What you return should be the lines from the one with "1964 Kennedy Half" through the one with "Синий кожаный мужской" in the data below, reproduced exactly with both ends, and no pictures at all.

[MATERIAL TO PROCESS Boundary: Start]

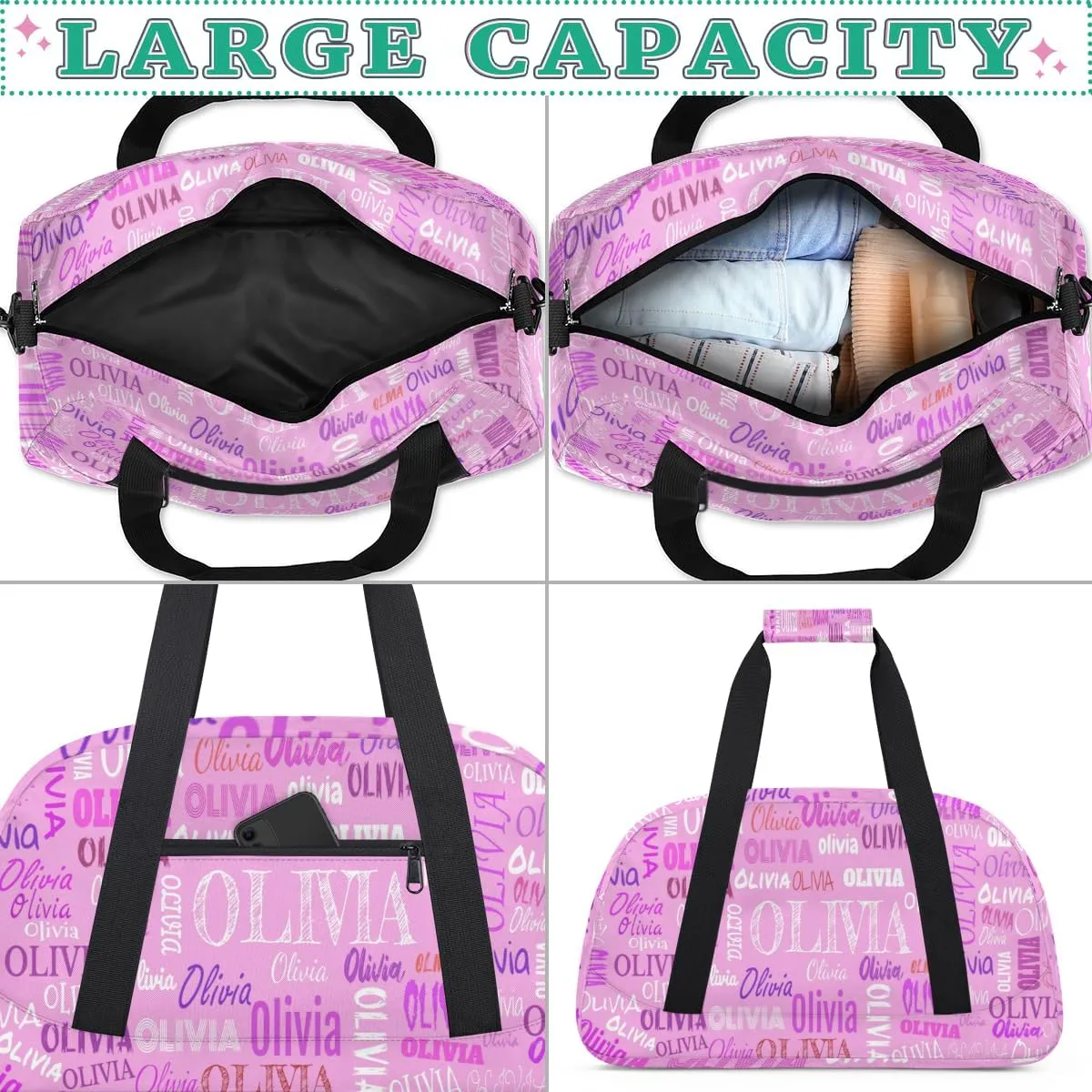 Custom Dance Ballet Duffle for Girls Pink, Personalized With Name - Overnight, Toddler, Gym Bag for Travel, Weekend, Sleepover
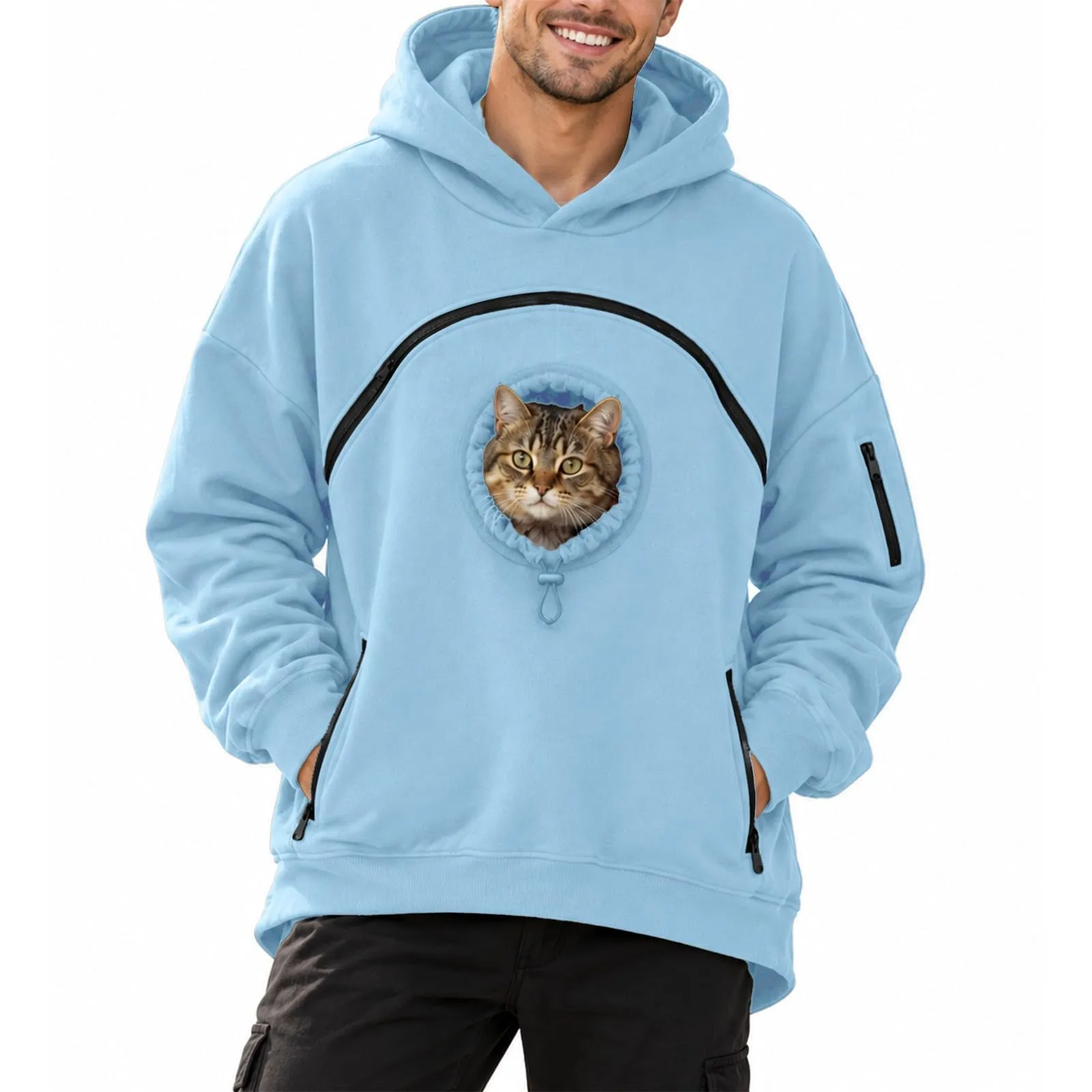 Felpa con cappuccio unisex per animali domestici, Blu, XL - immagine 1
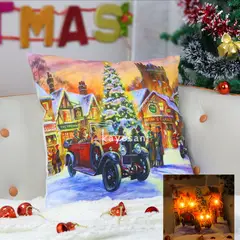 CASATEX - COJIN NAVIDEÑO CON LUCES VILLA MAGICA 45X45CM.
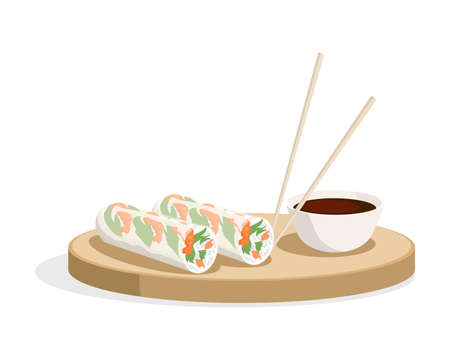 Spring rolls and soy sauce with chopsticks on the plate vector flat illustration isolated on white.のイラスト素材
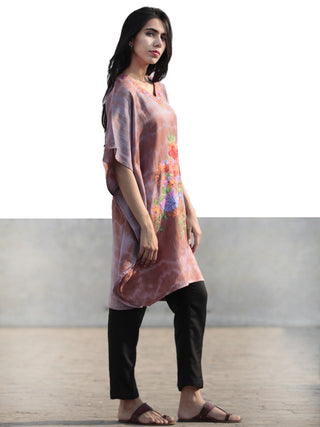 Brown Lavender Green Red Orange Aari Embroidered Short Kashmere Kaftan  - K11K046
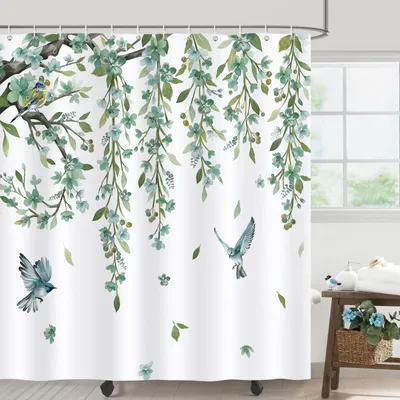 Produktbild von Omgoods – Duschvorhang mit Blättern und Blumen – wasserdicht und waschbar, 180x180 cm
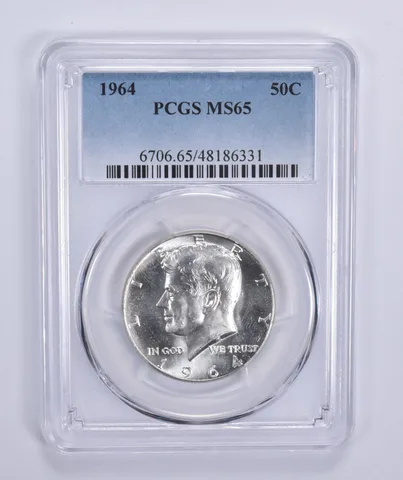 1964 Kennedy Half Dollar Silver MS65 PCGS Blue Label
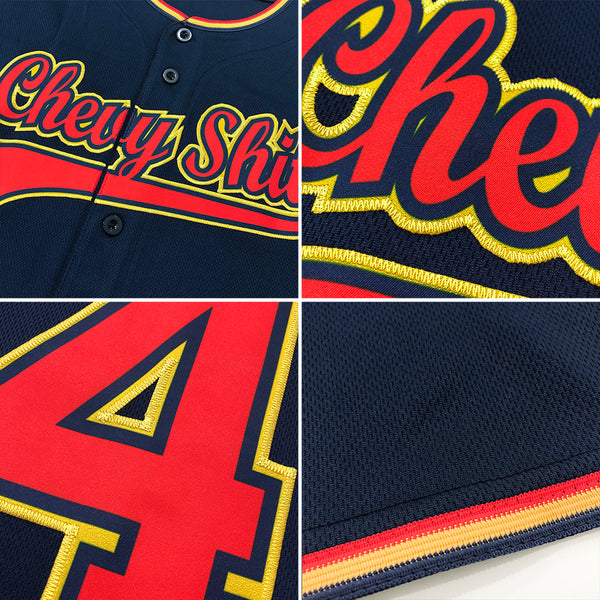 Custom Team Baseball Authentic Navy Jersey Gold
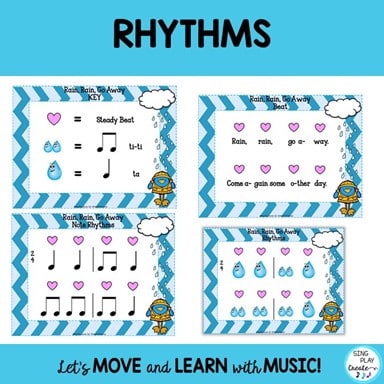 Teach so-mi-la in your elementary music classes with this fun Kodaly Lesson plan unit for "Rain, Rain Go Away".  https://www.teacherspayteachers.com/Product/Music-Lesson-Rain-Rain-Go-Away-Song-and-Activities-1977969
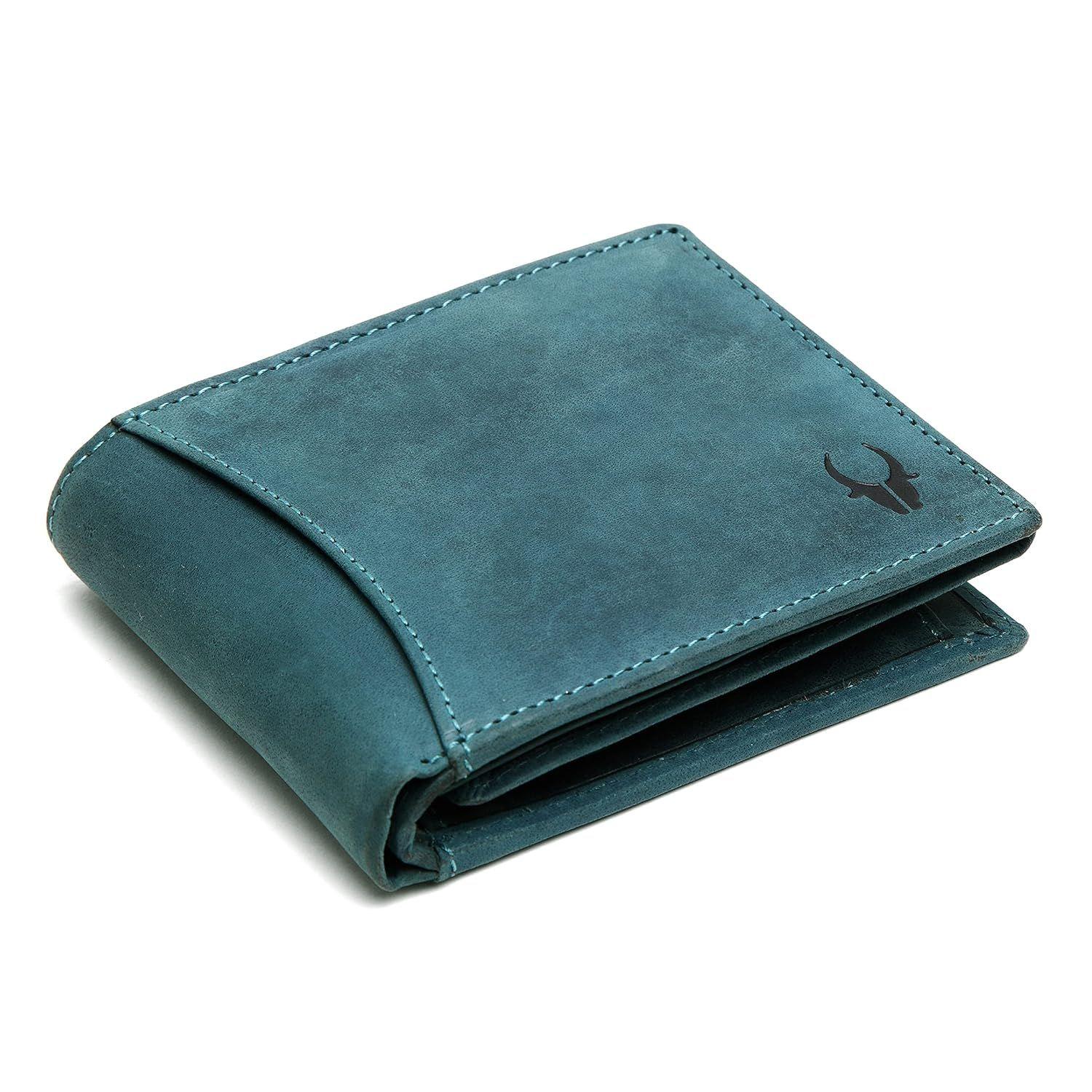 

Синий кожаный мужской кошелек и чехол для карт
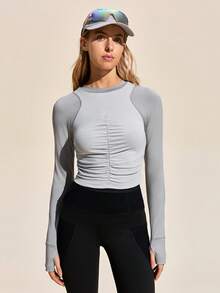 Exploreva Áo thun thể thao ngoài trời dài tay họa tiết xếp ly lỗ xỏ ngón tay cái phía trước đa năng, thoải mái - Nhiều màu - Xem 4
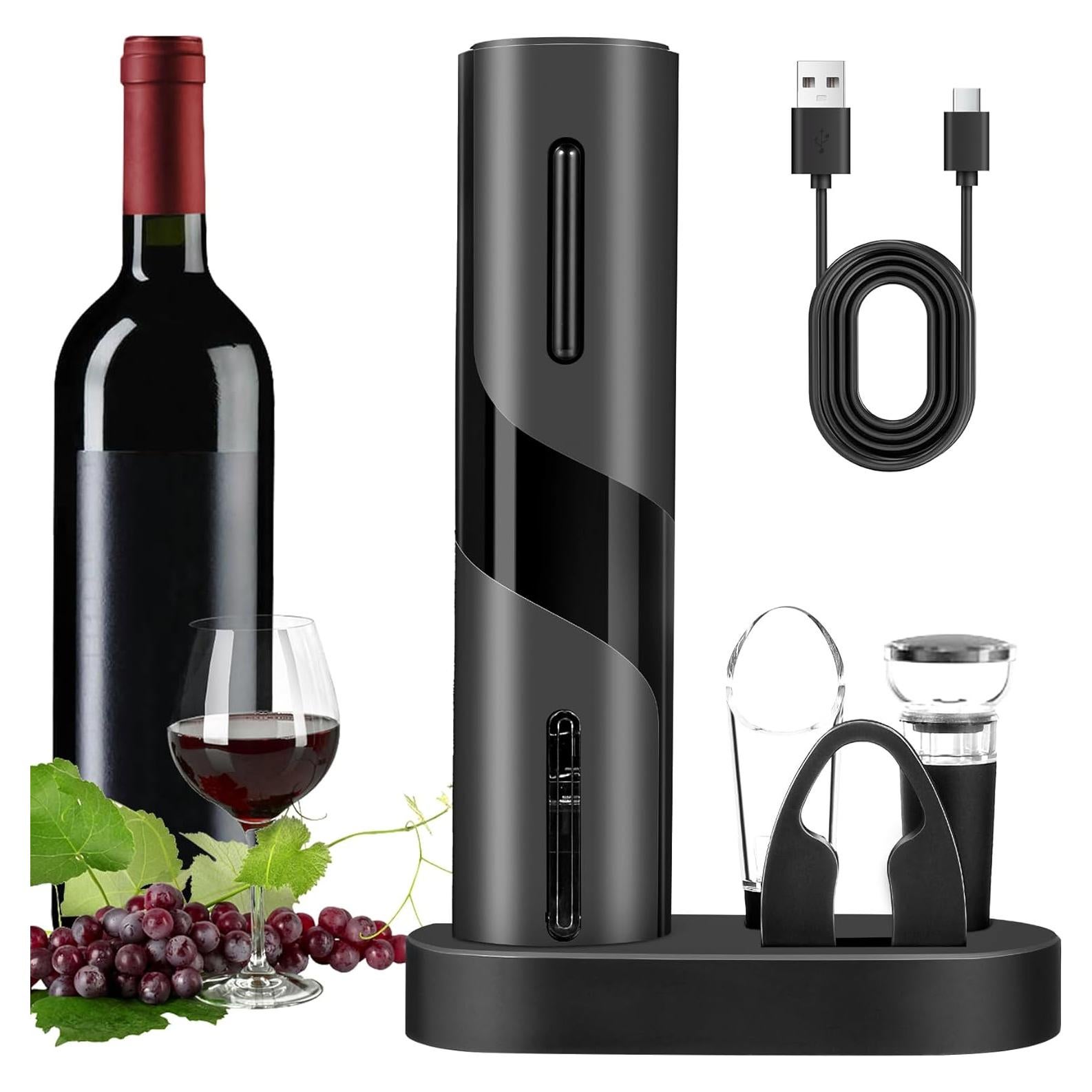 Set de abridor de vino eléctrico BreezeSound 6 en 1 recargable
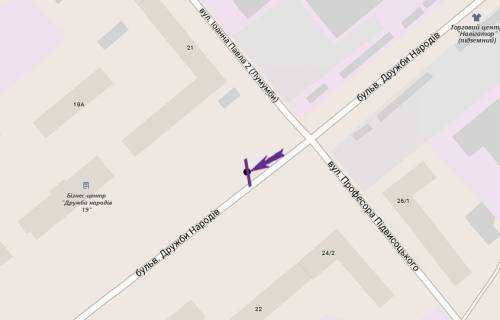 Скроллер A в Киеве, 3,14 X 2,3 м  бульв. Миколи Міхновського, 21(дружби народів) - 270782 схема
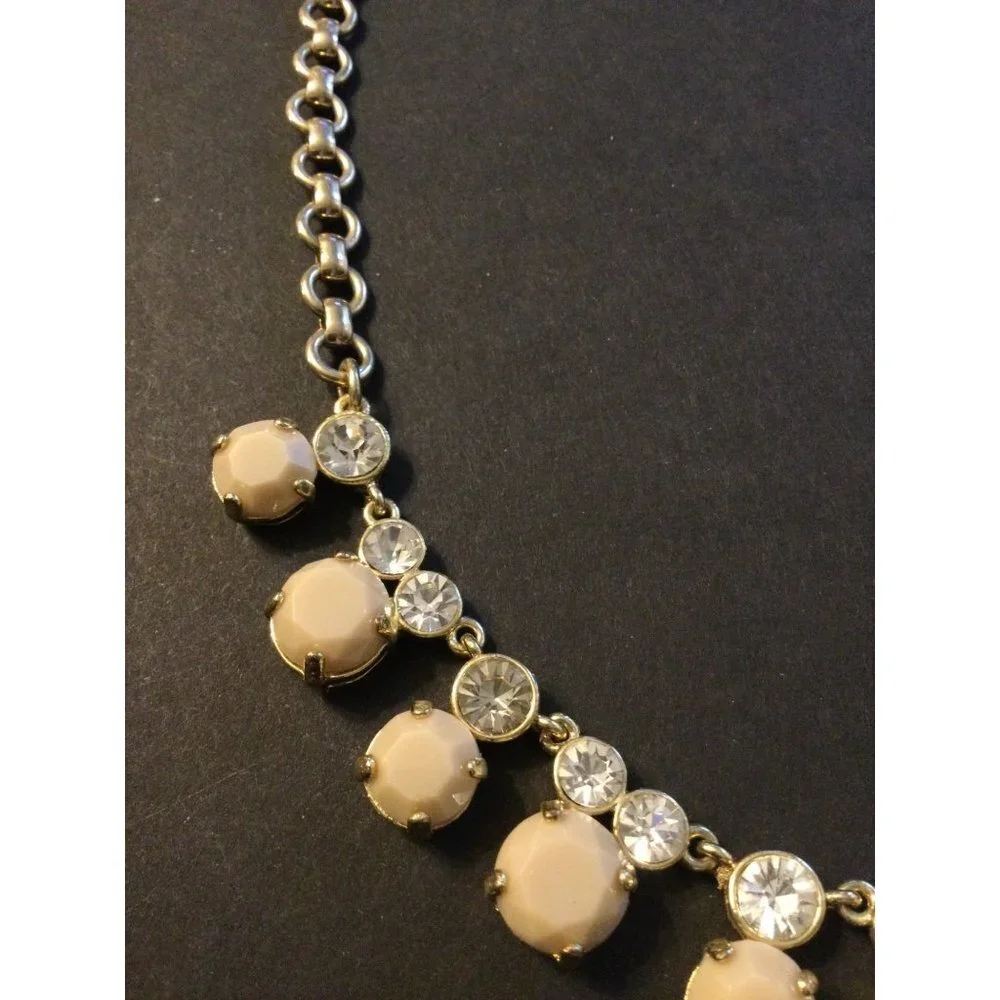 J. Crew Women's Multi Stone Drop Necklace Rhinestone Gold Tone Chain Adjustable
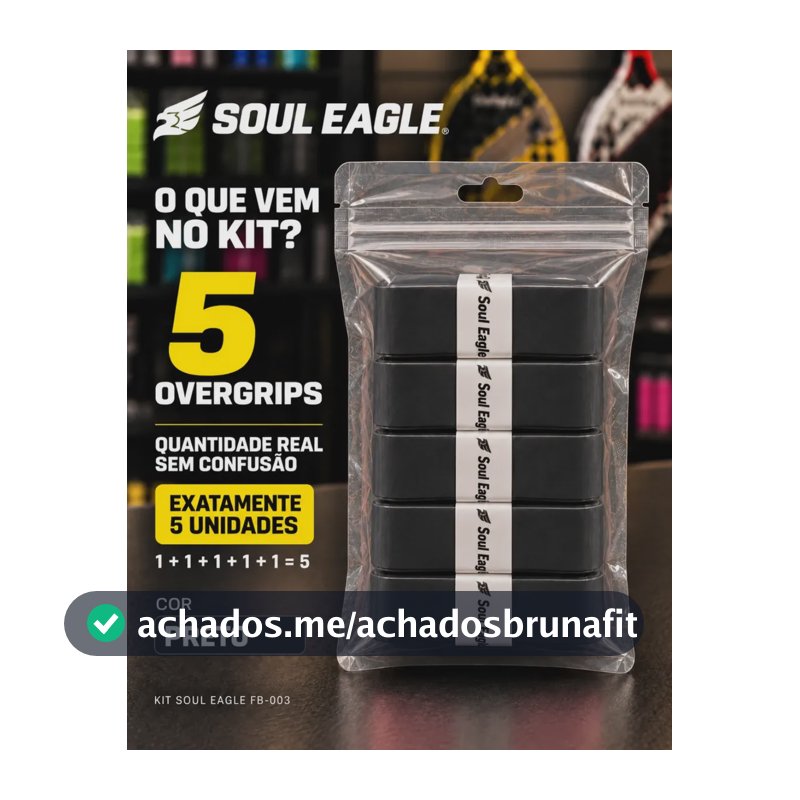 Overgrip Kit 5 Grip Raquete Beach Tennis Padel Tênis Branco Preto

[MATERIAL TO PROCESS Boundary: End]

TASK ANSWER >>
 1964 Kennedy Half Dollar Silver MS65 PCGS Blue Label
 Custom Team Baseball Authentic Navy Jersey Gold
 Teach so-mi-la in your elementary music classes with this fun Kodaly Lesson plan unit for "Rain, Rain Go Away".  https://www.teacherspayteachers.com/Product/Music-Lesson-Rain-Rain-Go-Away-Song-and-Activities-1977969

Синий кожаный мужской кошелек и чехол для карт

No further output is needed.